[[ SUPPLIED INFORMATION open ]]

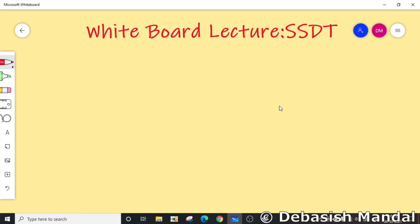Hello everyone, my name is Devashish and I welcome you all to this video. In today's video we are going to discuss about the SSDT table. In the last video we discussed about system calls and I mentioned a term called SSDT, so in this video we are going to dig deeper into that.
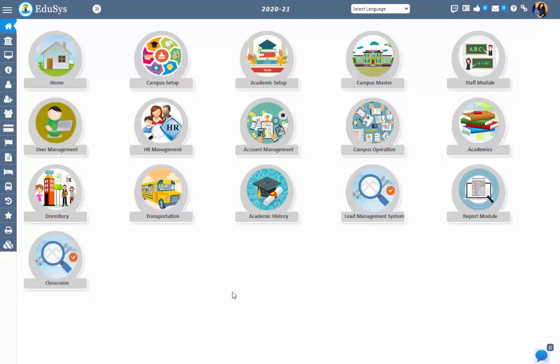Hello everyone, welcome to Educes, a complete solution for institutions. In this video, I am going to show you how the management can perform the authorizations for different users in Educes software. Management can give or restrict the screen access to the user type and users as well in Educes software.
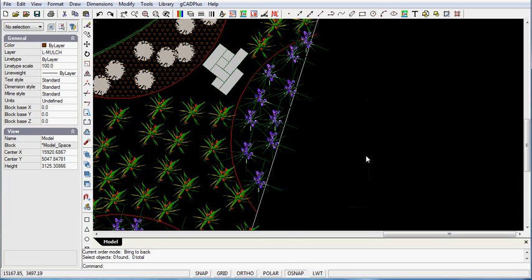A really good tip when you're trying to hatch particular areas is to just create a polyline and then hatch it.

[[ SUPPLIED INFORMATION closed ]]

PROBLEM DETAILS: What is needed is the listing above, repeated verbatim, without its images.

RESPONSE TO THE EXERCISE:
Hello everyone, my name is Devashish and I welcome you all to this video. In today's video we are going to discuss about the SSDT table. In the last video we discussed about system calls and I mentioned a term called SSDT, so in this video we are going to dig deeper into that.
Hello everyone, welcome to Educes, a complete solution for institutions. In this video, I am going to show you how the management can perform the authorizations for different users in Educes software. Management can give or restrict the screen access to the user type and users as well in Educes software.
A really good tip when you're trying to hatch particular areas is to just create a polyline and then hatch it.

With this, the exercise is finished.